It was my first time visiting my friend, who was on a one-year exchange in Melbourne. The entrance door to her home was lurking behind two gigantic trash bins. The door, she told me, was never locked. When we entered, I noticed her kitchen was a dark icky area and her bedroom was a mouse-hole shared between three people.
I expressed my concern, but she assured me that the owner was a nice and trustworthy guy. Placing trust on an owner of a shabby, unregistered apartment without any door lock is a risk that I would not take, neither would any international student.
She revealed a year later that she had not been aware of renting rights, but even if she had, she wouldn’t have changed her decisions. Her shared home was a few walks away from her university and quite cheap for its location. Other more comfortable and secure options were either too expensive or too far away. Comfort and safety were a small price to pay for convenience.
Later on, I talked to another friend who was living in the same property, but decided to leave the country after one month. She expressed her accommodation played quite a role in her decision to leave in the midst of her exchange journey. She was never informed about renting rights, prior to arrival or during the time she was here. It was a shame, leaving behind opportunities, exciting adventures and not to mention the bond money she paid. The low-quality facility, as well as the discomfort of living, were too much to handle.
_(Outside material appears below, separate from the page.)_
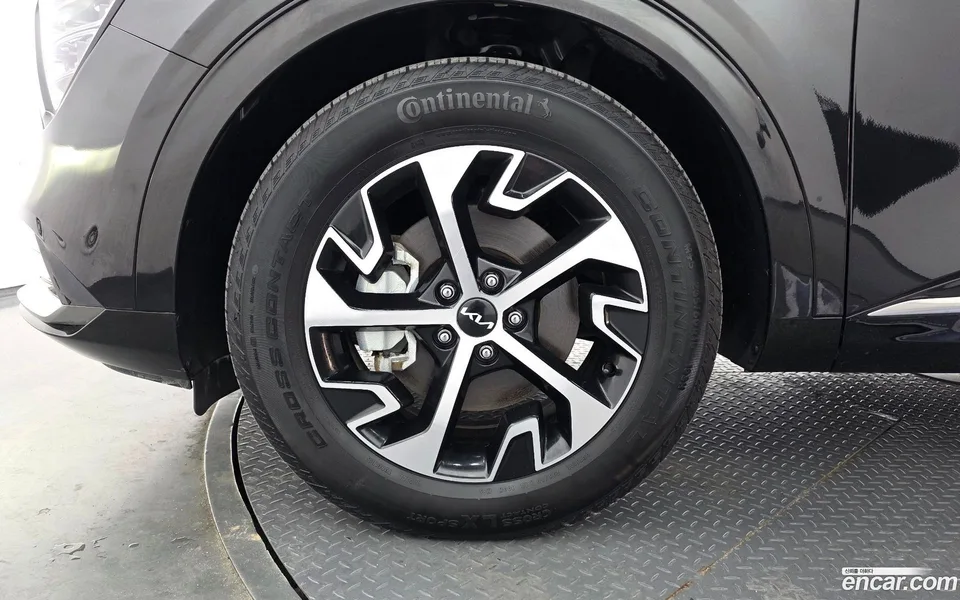 Kia Sportage Hybrid 2WD 2023 — миниатюра 5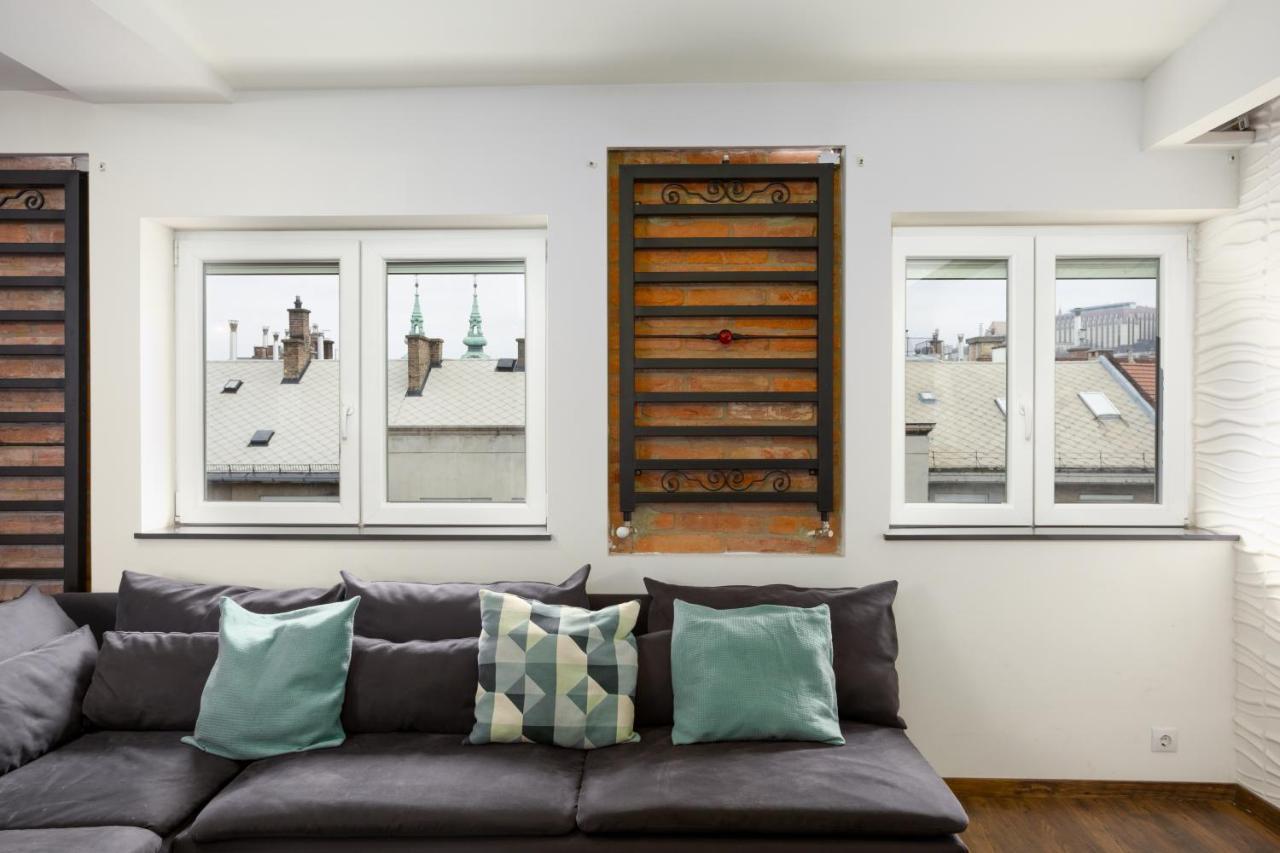 Nightingale Luxury Apartment Budapest Exteriör bild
When it comes to affordability, it can be tough to take a firm stance. For some, comfort and safety are of utmost importance, and they are willing to pay or travel extra. But for others, finding a cheap and convenient accommodation is of top priority, despite the forthcoming risks.
The only common factor between the two former tenants of that building was their lack of knowledge regarding renting rights at the time. The renting process can be quite tricky and overwhelming for newcomers.
Several stories have reported international students living under horrible conditions or being scammed by their landlords or property owners. But by understanding their renting rights, international students can avoid these situations and find a suitable place where they can call home.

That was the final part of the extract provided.